Große Angst vor einer langen Dauer des Krieges
Johann Giglhubers Mitgefühl gilt den Flüchtlingen. Er erinnert sich an die Vertreibung seiner Vorfahren aus den Sudeten. Sein Großvater soll mit nichts anderem als einem Löffel und einem kaputten Teller in seiner Zufluchtsstätte angekommen sein. Bei Nicola Müller herrscht tiefe Betroffenheit vor. Weil kaum objektive Berichterstattung möglich ist, sei schwer nachzuvollziehen, was in der Ukraine passiert. Große Angst habe sie vor einer langen Dauer der Auseinandersetzung und dass sich der Kriegsherd ausdehnt. An eine Gefahr durch Atomwaffen glaube sie nicht.
Die Gefahr einer Ausweitung des Kriegsgeschehens, ist auch Erwin Weths größte Sorge. "Die Nato hat das Problem, den richtigen Weg zufinden, damit der Konflikt nicht noch weiter eskaliert". Putin sei jedenfalls nicht zum Dialog bereit. Seine Hoffnung gelte in erster Linie einem Widerstand aus den eigenen Reihen. "Putin wird auf Dauer die Meinungsäußerung seines Volkes nicht verhindern können".

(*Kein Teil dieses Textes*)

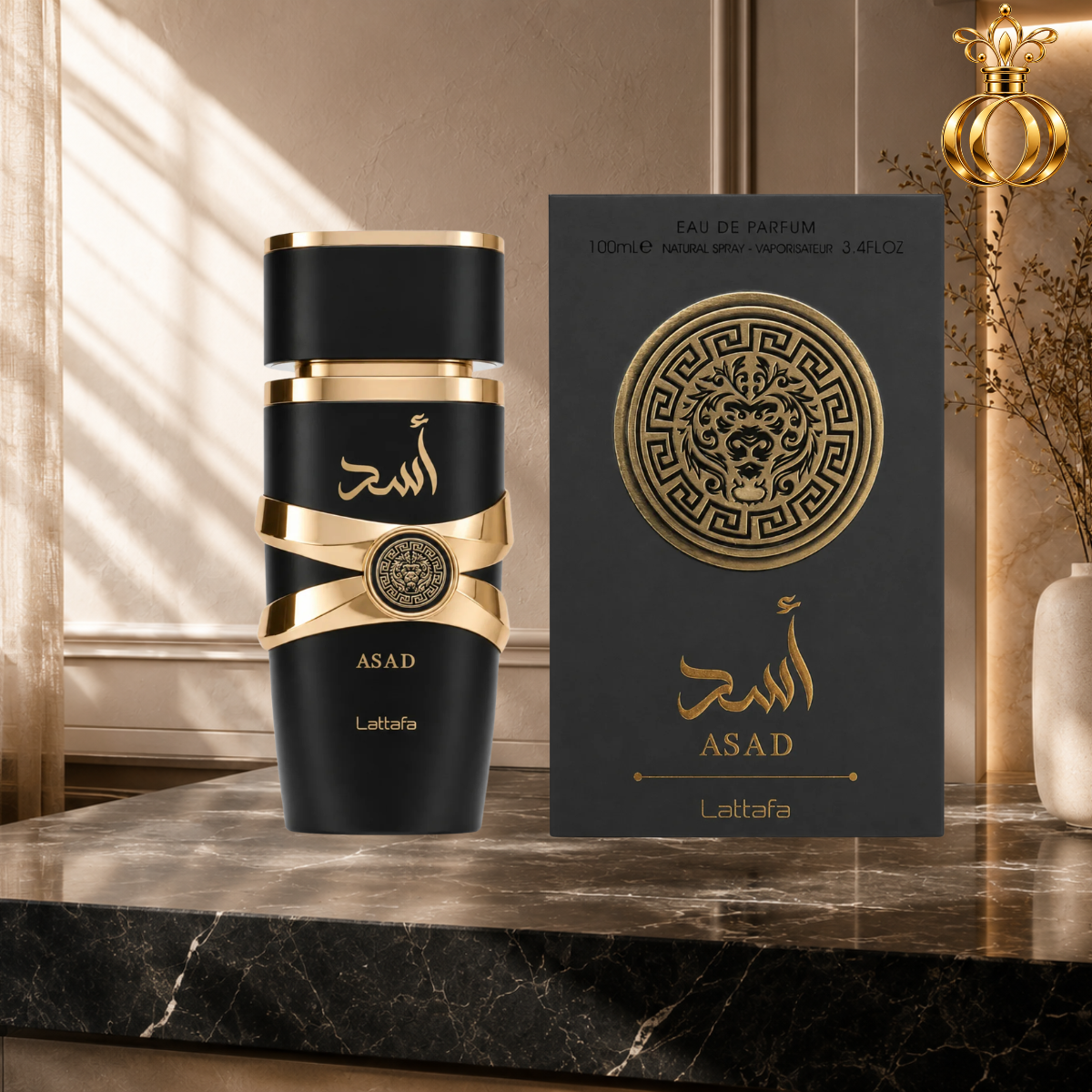 Lattafa Asad black pepper tobacco perfume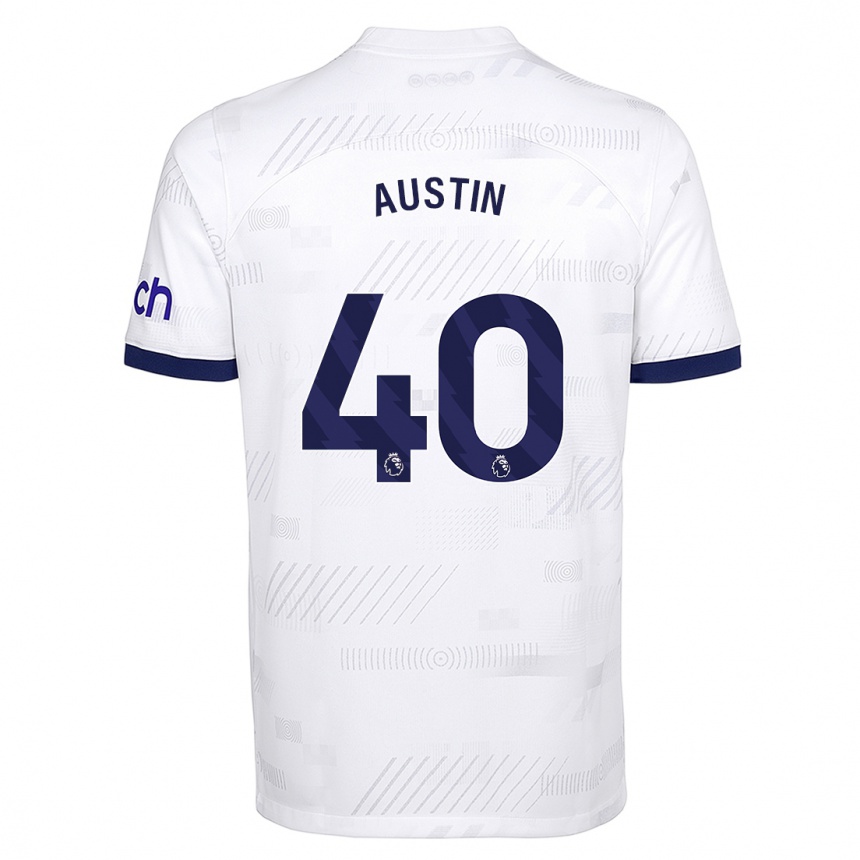 Niño Fútbol Camiseta Brandon Austin #40 Blanco 1ª Equipación 2023/24 México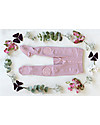 GoBabyGo Collant Antiscivolo per Gattonare, Rosa Antico - Cotone Calze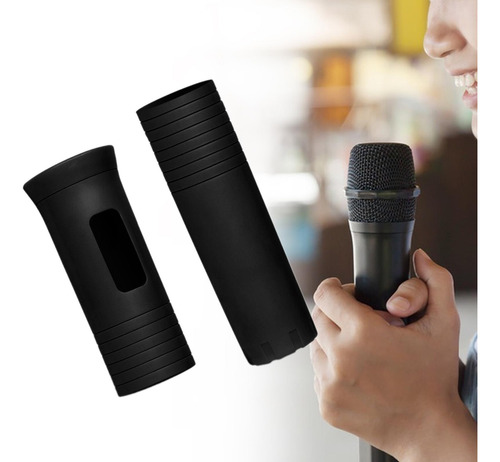 Funda Protectora Para Micrófono, Fundas Para Mango De Negro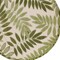 Homeroots 8' Ivory And Green Round Palm Leaf Indoor Outdoor Area Rug 548066 - alternate 9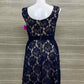 Julian Taylor Navy Womens Size 12 Dress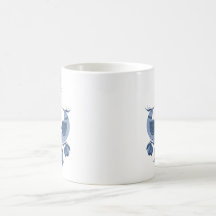 Élégante tasse personnalisée d'art folklorique ble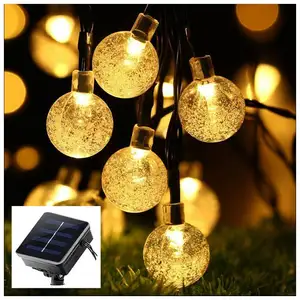 INEASICER Guirlande Lumineuse Solaire Exterieur - 12M 100 LED Guirland...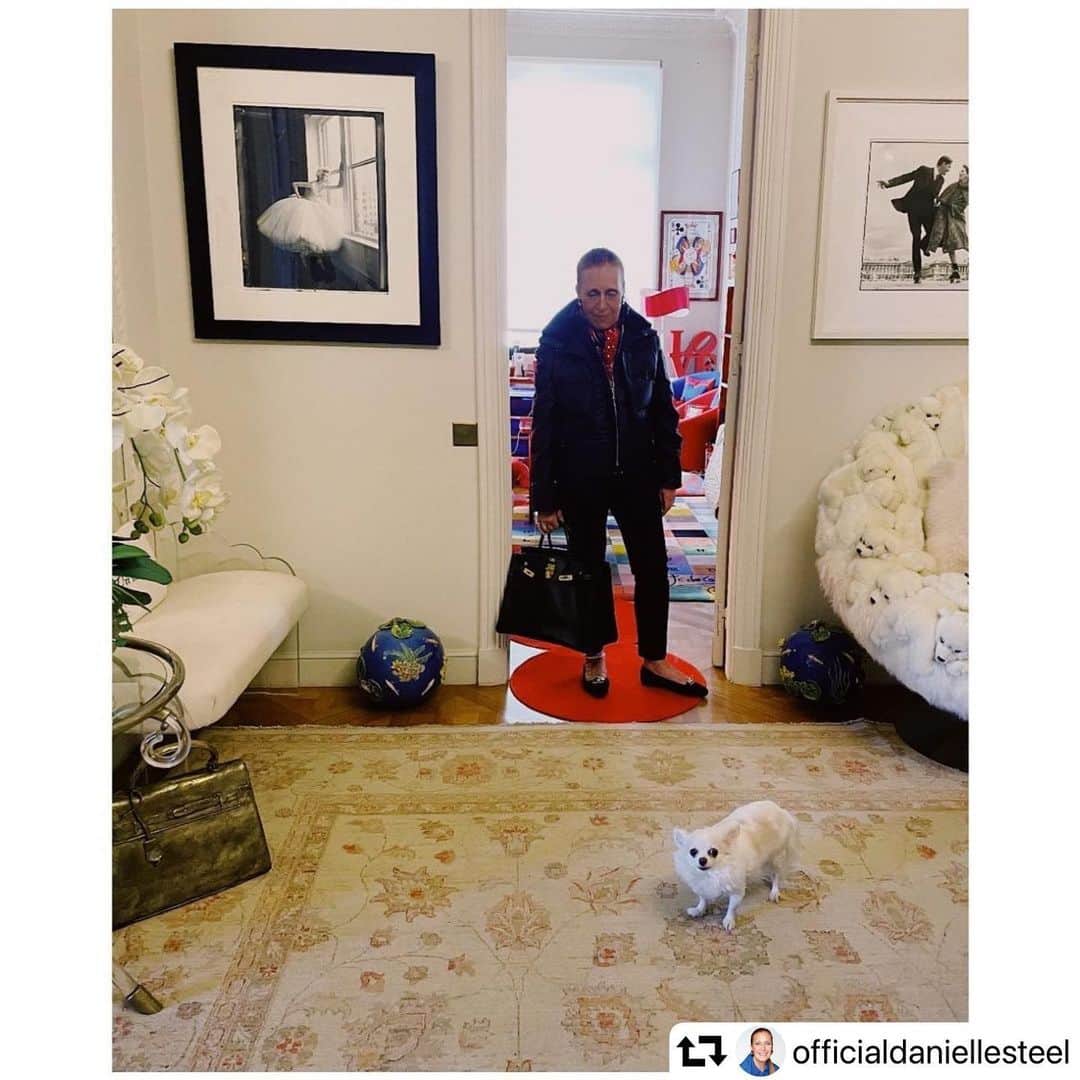 Good Morning Americaさんのインスタグラム写真 - (Good Morning AmericaInstagram)「MONDAY MORNING ON GMA! #repost @officialdaniellesteel ・・・ When I look like I'm leaving the house, Minnie checks my departures carefully, and keeps her eye on me so I don't escape!! I was just going out to do errands, wearing the bag that got stolen in October, and I was SO happy to have returned.  EXCITING NEWS: I will be on Good Morning America on Monday, on zoom from my living room in Paris, and I'll be talking to Robin Roberts, one of my favorite people in the world. Robin is an absolutely amazing woman, whom I admire profoundly and love dearly as a friend. It's always an honor and a privilege to be on the show with her, and always warms my heart. She absolutely glows with kindness and is a very special person. So Monday will be a huge treat for me, as always, and a visit with a friend, and a touch of home. I will be so grateful and happy to be on the show with her on Monday----talking about my new book The Affair, which comes out on Tuesday, and as much catching up as we can squeeze in, after this crazy year!!! #daniellesteel」3月1日 14時42分 - goodmorningamerica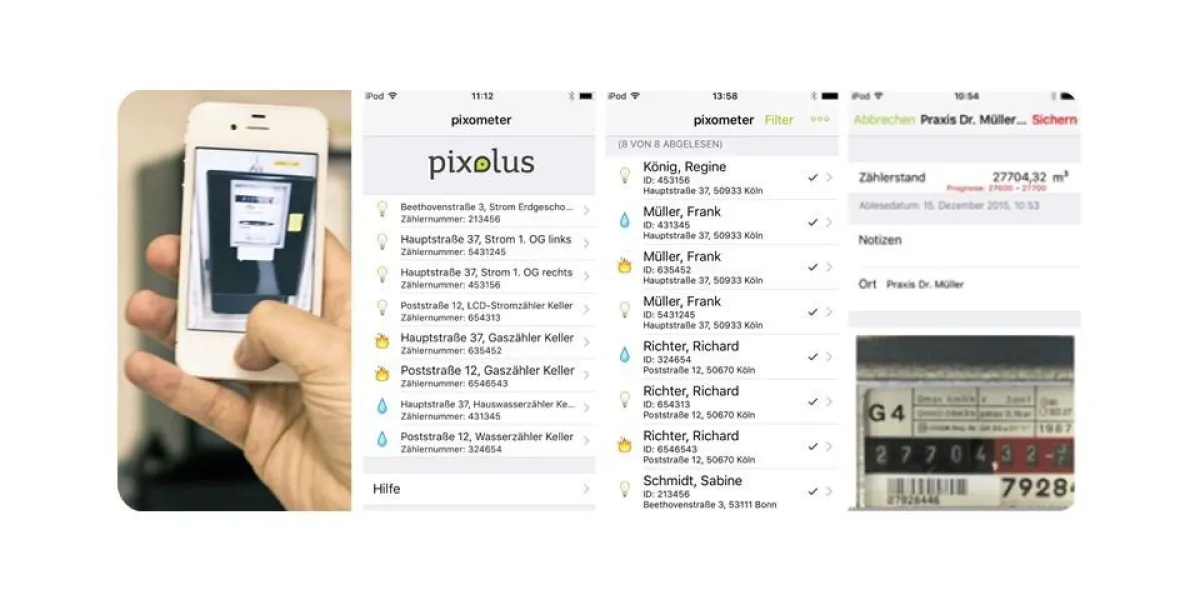 Zähler mit pixometer ablesen und verwalten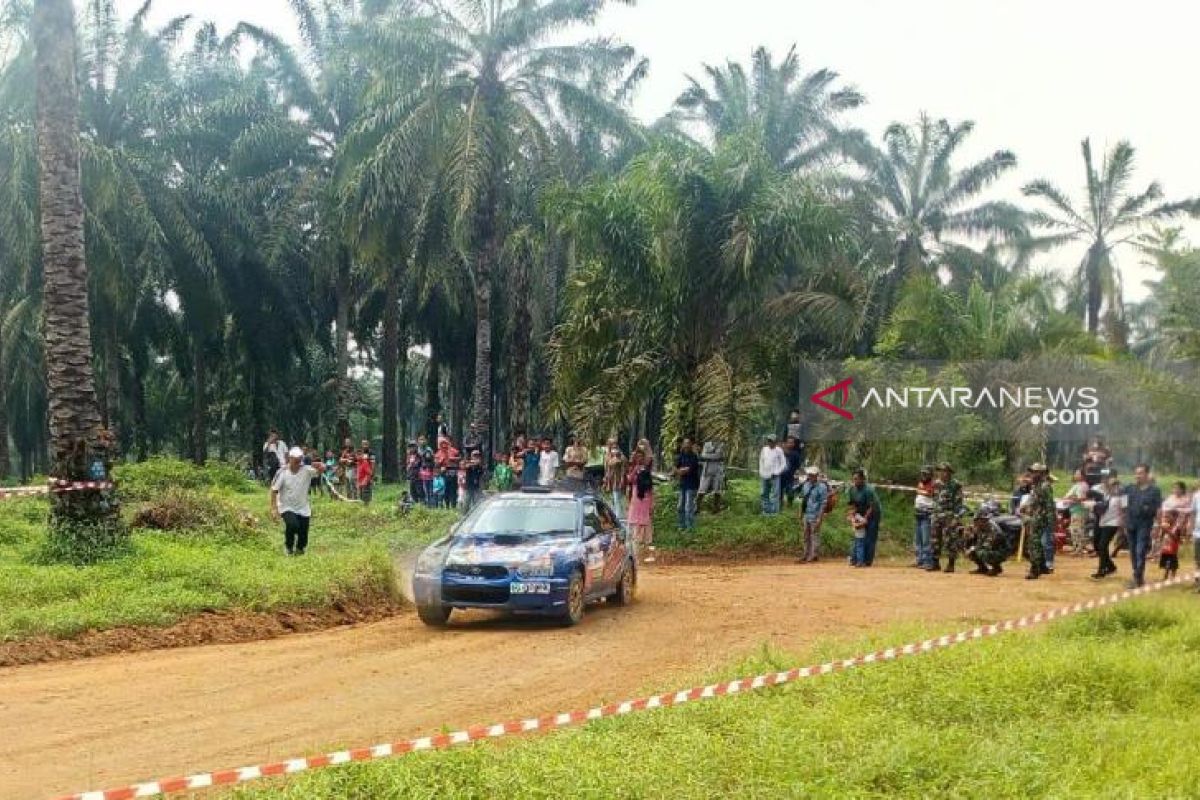 Subhan Aksa juara Seri I Kejurnas Rally di Sumut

Überwältigt von der großen Hilfsbereitschaft
Anna Endres hat sich nach eigenen Worten schon überlegt, Flüchtlinge aufzunehmen. Die Sälzerin zeigte sich überwältigt von der großen allgemeinen Hilfsbereitschaft, mit der Putin nicht gerechnet hat. Daher sei der Präsident auch vollkommen unberechenbar, was ihn so gefährlich mache." Aber er hat sich auch in militärischen Fragen sowie der Einigkeit der Staatengemeinschaften verschätzt", meint ihre Freundin Nicole Kirst. Putin werde merken, dass er von dem Rest der Welt isoliert ist. Daher wird er eines Tages für seine Taten zur Rechenschaft gezogen werden, hofft die Bad Neustädterin. Die Hilfsaktionen können zumindest die Folgen für die Bevölkerung etwas mildern. Die Mahnwache sei eher ein Zeichen der Hilflosigkeit, aber auch der Verbundenheit mit den Leidenden.
Die Mahnwache soll in zwei Wochen an gleicher Stelle fortgesetzt werden, kündigte Schmitt zu guter Letzt an.